The formulation utilizes a three-phase unbalanced distribution system power flow model, based on reference [17], to compute the active and reactive power imported from the main grid in (1). This proposed model accounts for both power losses and line mutual impedance representation. The active and reactive power balance constraints at each node i and phase $\phi$ are expressed as (3) and (4).

$$P_{\phi ,i+1}=P_{\phi ,i}+P_{\phi ,i+1}^{DER}-P_{\phi ,i+1}^D-P_{\phi ,i}^{loss}$$

(3)

$$Q_{\phi ,i+1}=Q_{\phi ,i}+Q_{\phi ,i+1}^{DER}-Q_{\phi ,i+1}^D-Q_{\phi ,i}^{loss}$$

(4)

2.2. Evolutionary Process

The evolutionary process represents a methodical sequence of actions aimed at refining strategies for DERs and the MGO within a microgrid setting. Figure 3 illustrates the evolutionary process adopted in this study. Initially, the process initializes strategies randomly, fostering diverse starting points for subsequent iterations. It then evaluates the utilities of DERs and the MGO based on these strategies, determining their effectiveness in achieving objectives. Strategies yielding higher utilities are selected for reproduction, akin to natural selection favoring more successful traits. Meanwhile, occasional mutations maintain diversity, preventing premature convergence [18]. Through multiple iterations, strategies are adapted and refined, with DERs and the MGO adjusting their approaches based on past performance. This iterative framework involves multiple stages that drive the evolution of strategies toward a more optimal configuration, as outlined below.

2.2.1. Initialization of Population

At the outset, the evolutionary process commences by establishing an initial population of strategies for the DERs.
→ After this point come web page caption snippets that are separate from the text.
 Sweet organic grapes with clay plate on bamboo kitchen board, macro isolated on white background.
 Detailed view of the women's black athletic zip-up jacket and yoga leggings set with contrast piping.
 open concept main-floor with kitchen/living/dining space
This initialization phase involves generating diverse strategies randomly within the allowable capacity limits specific to each DER. The population thus comprises a spectrum of strategies, varying in their power generation distributions across the DERs.
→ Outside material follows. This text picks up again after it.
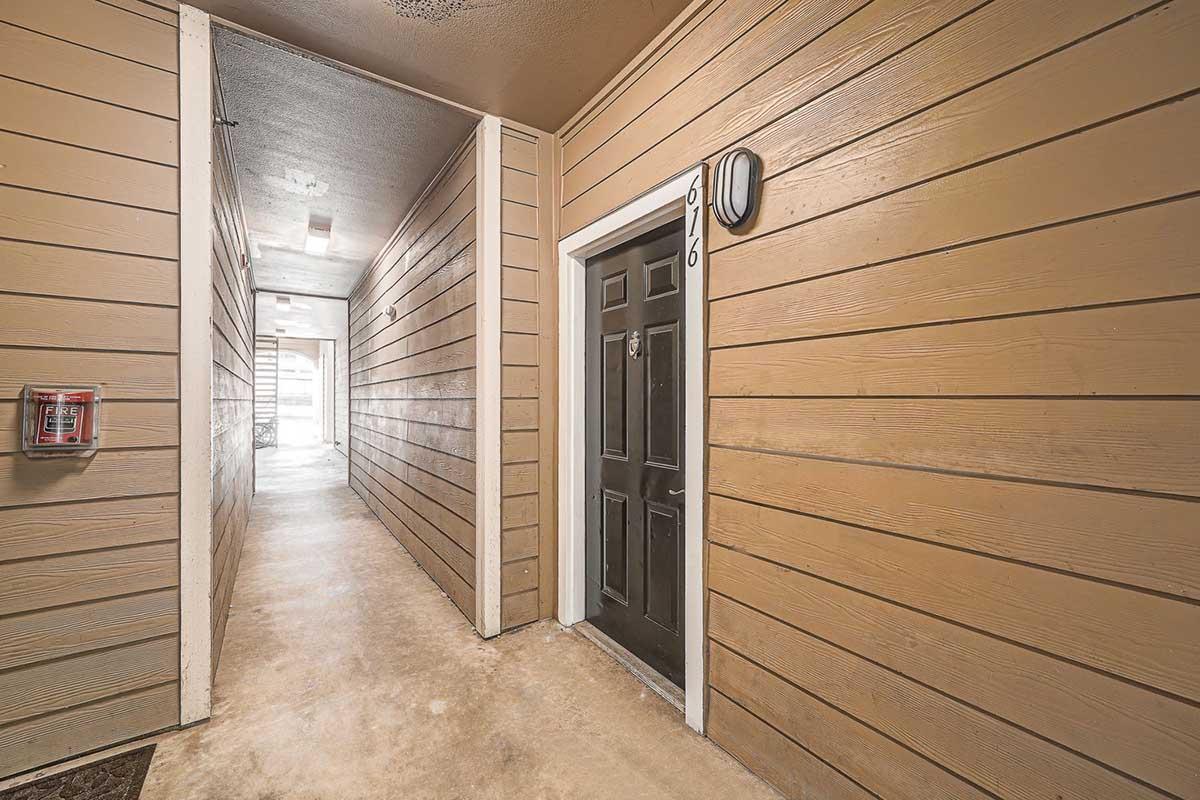 A hallway in a building featuring brown wooden panel walls. On the left, there is a mailbox mounted on the wall, and at the end of the hallway, a door with the number 976 can be seen. The floor is a light-colored concrete, and the space is well-lit, leading to an open area beyond the door.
2.2.2. Evaluation of Utilities and Interactions

Once the population is initialized, each strategy undergoes an assessment phase to evaluate its utility within the microgrid ecosystem. This evaluation process involves intricate calculations considering the power generated by individual DERs, the overall generated power from all DERs combined, and the consequential impact on the MGO’s utility. The evaluation captures the complex interactions among DERs and their collective influence on the microgrid’s operational dynamics.
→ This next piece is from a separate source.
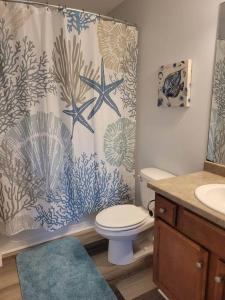 a bathroom with a shower curtain with a toilet and a sink at McDrifty's Getaway in Panama City Beach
2.2.3. Selection Based on Maximization Objective

Following the evaluation, a pivotal stage in the process involves strategy selection aligned with a specific optimization objective. This selection step is contingent upon the overarching goal, whether to maximize the utility for each individual DER or to optimize the collective utility encompassing both DERs and the MGO. Strategies are meticulously chosen based on the targeted objective, aiming to either enhance the individual benefits of DERs or optimize the overall efficiency of the microgrid system.

2.2.4. Mutation for Strategy Enhancement

The final phase of the evolutionary process introduces mutation as a mechanism to diversify strategies within the population. Non-optimal strategies undergo random alterations or mutations within their capacity boundaries. This mutation mechanism fosters exploration and innovation within the strategy pool, enabling the exploration of alternative solutions and potentially unearthing more efficient strategies. The introduction of mutations injects adaptability into the population, fostering continuous improvement in the quest for superior strategies.

3. Case Studies and Discussion

In this section, four case studies are conducted on a microgrid based on the IEEE 13-node distribution system to illustrate the evolutionary game dynamics of interaction among DERs and MGO under various scenarios. Furthermore, the section analyzes the impact of changing various parameters of the proposed evolutionary game along with DER locations.

3.1. System Description

The 4.16 kV-rated IEEE 13-node distribution test system serves as a compact feeder with a notable load capacity and encompasses various integral components. This system configuration includes a substation featuring a star-connected voltage regulator comprising three 1-phase units. Noteworthy elements within this system include shunt capacitor banks, an in-line transformer, and a mix of spot and distributed loads, potentially exhibiting imbalances. According to the data sourced from [19], the total active load and reactive load for this system are 3577 kW and 1725 kVAr, respectively. Furthermore, Figure 4 portrays the integration of three DERs into this system, each assumed to have total available capacities of 500 kW (DER-1), 600 kW (DER-2), and 700 kW (DER-3), respectively.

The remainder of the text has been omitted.